Comment s’est déroulé le travail, à la fois éditorial et photographique ? Quelles sont les directions qui ont été données aux autrices ?

Stephen : Une carte blanche dans le cadre du brief : « relever le défi d’écrire une nouvelle s’emparant des sujets du corps, du désir, du plaisir féminin, sans mettre sous le tapis les sujets politiques liés au féminin en 2023. »


Abigail : J’ai la chance d’avoir eu la main sur toutes les images de l’ouvragede la conception à la post-production. Ce que j’entends par-là, c’est que je suis à la fois photographe et directrice artistique du projet. Je suis allée jusqu'en Slovénie pour valider l'impression de chaque page du livre, j'ai supervisé la colorimétrie des tirages. J'ai la director's cut, littéralement. Ce livre, je l'ai vraiment conçu. J'ai pu choisir entre différents types de papier, me demander quel était le format qui permettait le mieux d’apprécier un parcours littéraire et pictural. Le format a l’italienne a d'ailleurs été une évidence, il évoque le cinéma et laisse une grande place au décor, comme une fenêtre ouverte sur une petite scène de théâtre. Pour les shootings, j’ai effectué un long travail de relecture des textes, seule avec mon carnet à dessins. Cette écriture précise des photographies requiert une grande concentration de la part de toute l'équipe, à commencer par moi bien sûr, mais aussi Antoine Villard, qui était mon assistant lumière sur Hold-up 21, et les modèles. Il faut savoir que je demande à mes modèles une grande maîtrise de leur corps et de leurs expressions ; mes indications sont avant tout affaire de volume, de lignes, de lisibilité, je place chacun de leurs membres et leur demande de verrouiller la pose au fur et à mesure, chaque micro-variation oblige à tout recommencer. Mes séances sont donc exigeantes, et pour que les photos soient bonnes, il me fallait diriger les autrices avec la même précision que mes modèles réguliers. Or, certaines n'avaient jamais été photographiées et découvraient l'exercice, et compte-tenu des délais, nous devions obtenir un résultat parfait tout en étant très rapides, très efficaces. C'était un défi, et elles l'ont magnifiquement relevé.

© Abigail Auperin


Pourquoi cette « contrainte » de mettre l’autrice des textes au cœur des photos de sa nouvelle ?

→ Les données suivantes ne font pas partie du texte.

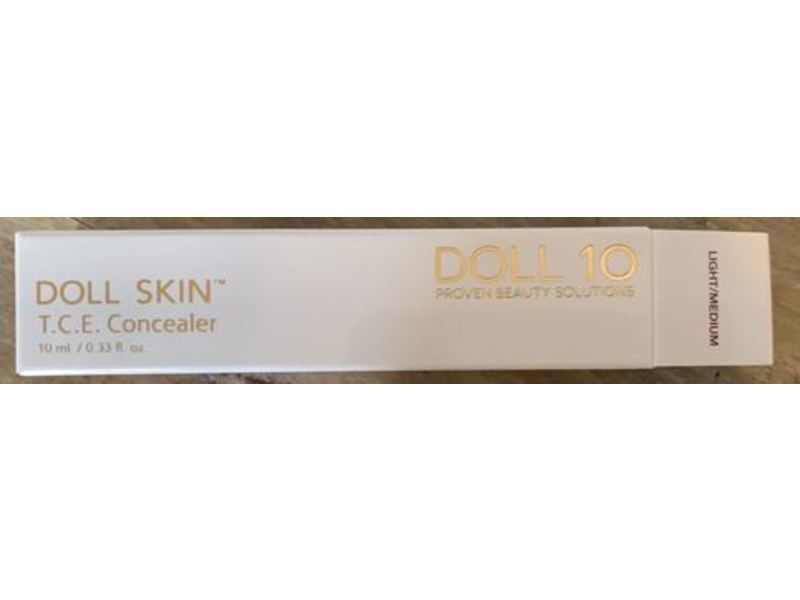 Doll 10 T. C.E. Concealer, Light/Medium, 0.33 fl oz/10 mL
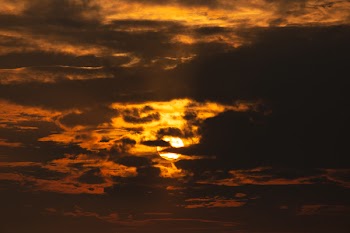 Silhouette of Clouds during Sunset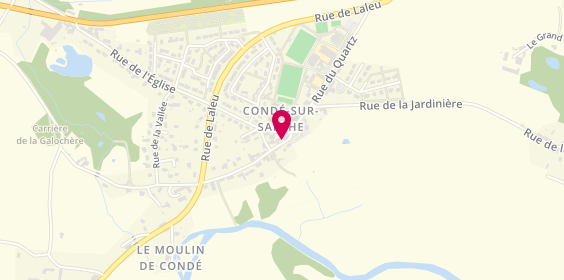 Plan de Conforama, Rue Brebiette, de la Pte de Bretagne Zone Commerciale, 61250 Condé-sur-Sarthe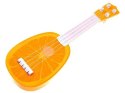 Gitara owocowa ukulele dla dzieci gitarka IN0033 POMARAŃCZA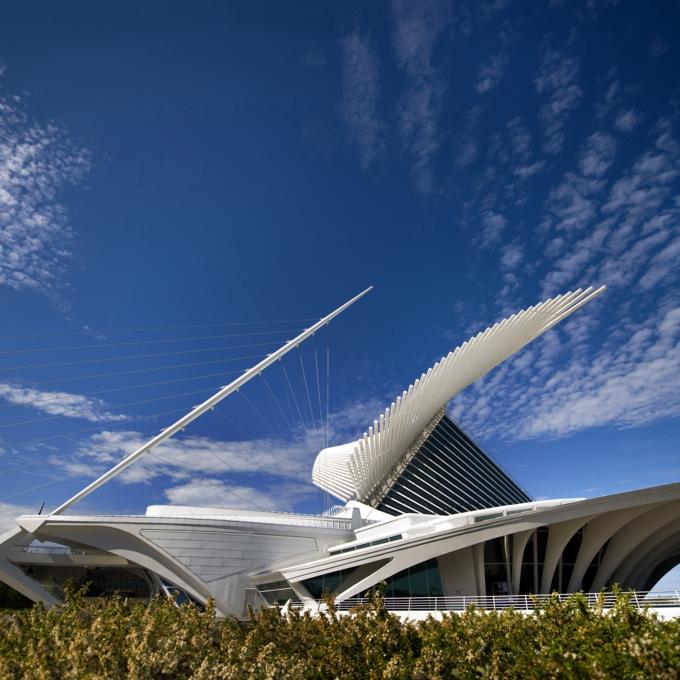 The Milwaukee Art Museum in Milwaukee, Wisconsin The Milwaukee Art Museum in Milwaukee, Wisconsin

Abigail : Cette mise en abîme m'a amusée et troublée. Dans mes images, j’aime le fait que le faux ne se cache pas, au contraire, c'est important pour moi qu'il s'avoue comme faux. Y apporter un tel élément de réalité tout en le travestissant, était très intéressant pour moi. La personne photographiée est la véritable autrice du texte et non une modèle, mais je la costume et la met en scène de sorte à la rendre méconnaissable, parfois à ses propres yeux, comme si je ne la photographiais pas elle, mais un rôle d'elle. Ce jeu de décalages change nécessairement le rapport à la lecture des images, mais aussi du texte. Certaines des autrices m'ont d'ailleurs dit avoir changé de regard sur leur nouvelle après avoir vu l'ensemble de mon travail pour Hold-up 21.

 

Comment avez-vous choisi les autrices de ce recueil ? Pensez-vous d’ailleurs à d’autres tomes ? 

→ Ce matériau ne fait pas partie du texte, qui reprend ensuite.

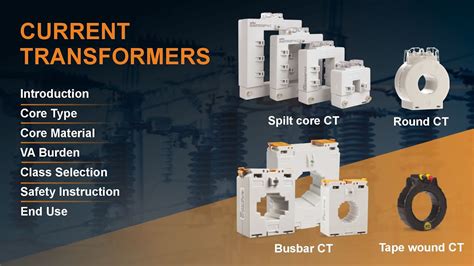 Current Transformers Introduction Core Types Material Class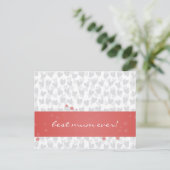 今まで母親にとって最高のの多くのハート ポストカード (スタンド正面)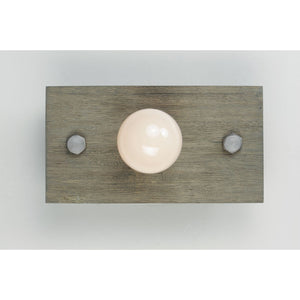 Plank Sconce Weathered Wood / Antique Brass
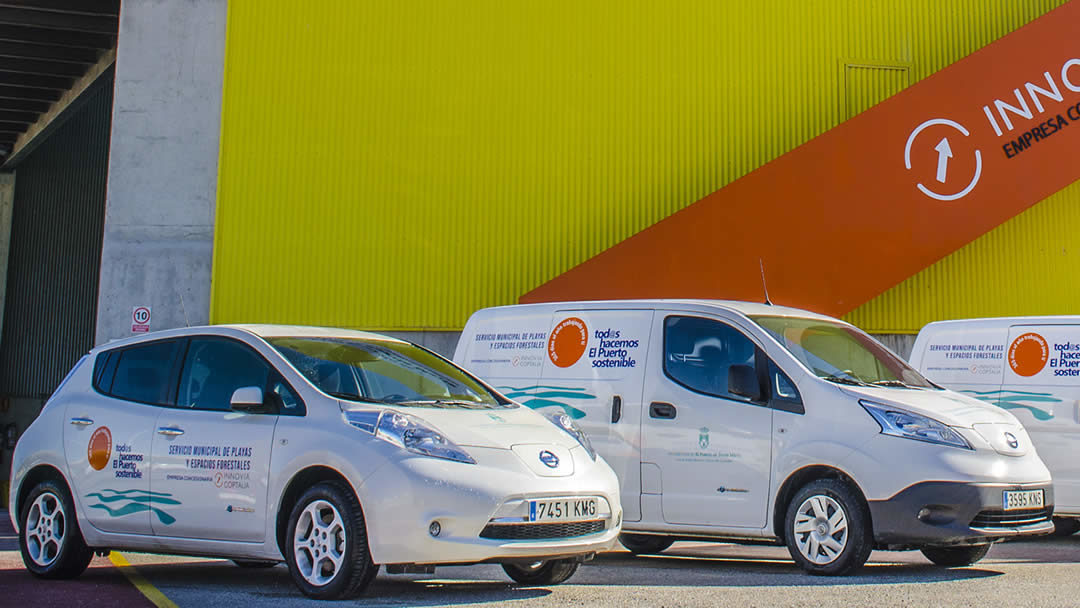 Vehículos eléctricos en el Puerto de Santa María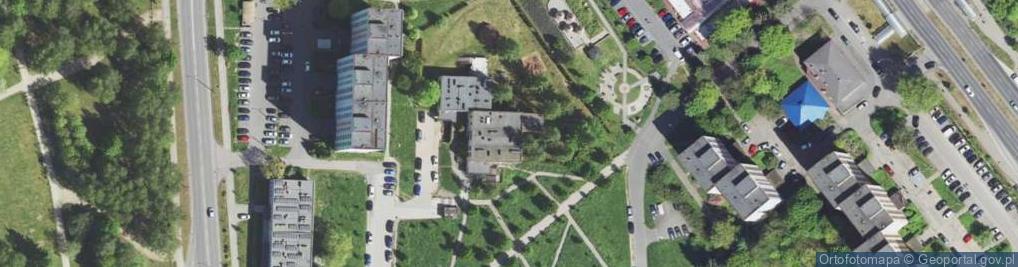 Zdjęcie satelitarne Ośrodek Pomocy Dzieciom i Rodzinie w Jaworznie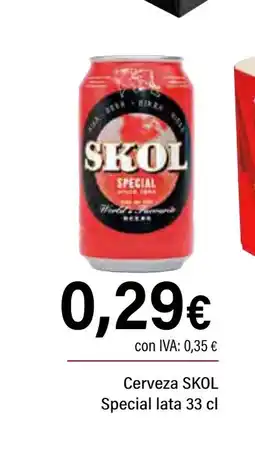 Cash Ifa SKOL Cerveza Special lata oferta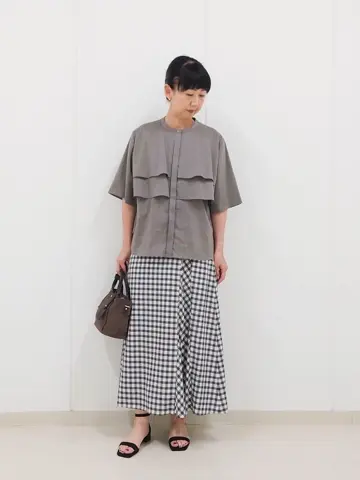 J.PRESS LADIES L スタッフ コーディネート画像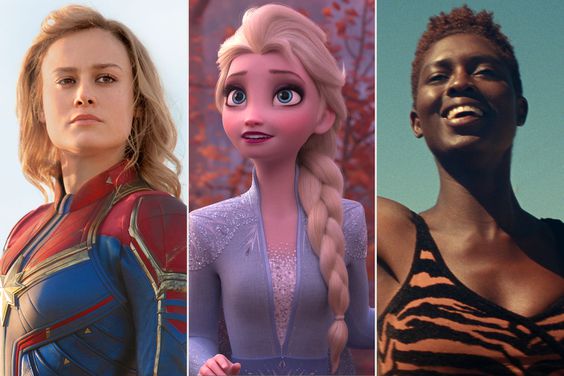 Captain Marvel; Frozen 2; Queen and Slim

Stephen : Nous avons commencé par un noyau de six autrices des éditions Anne Carrière (Camille Emmanuelle, Maïa Mazaurette, Laure Giappiconi, Maïmouna Coulibaly, Pauline Verduzier, Iman Bassalah) et nous leur avons demandé de nous proposer les quatorze autres. Hold-up 21 fonctionne par cooptation pour créer un effet de bande. La deuxième promotion (pour le vol.2 en 2024) a été marrainée par les autrices de la première.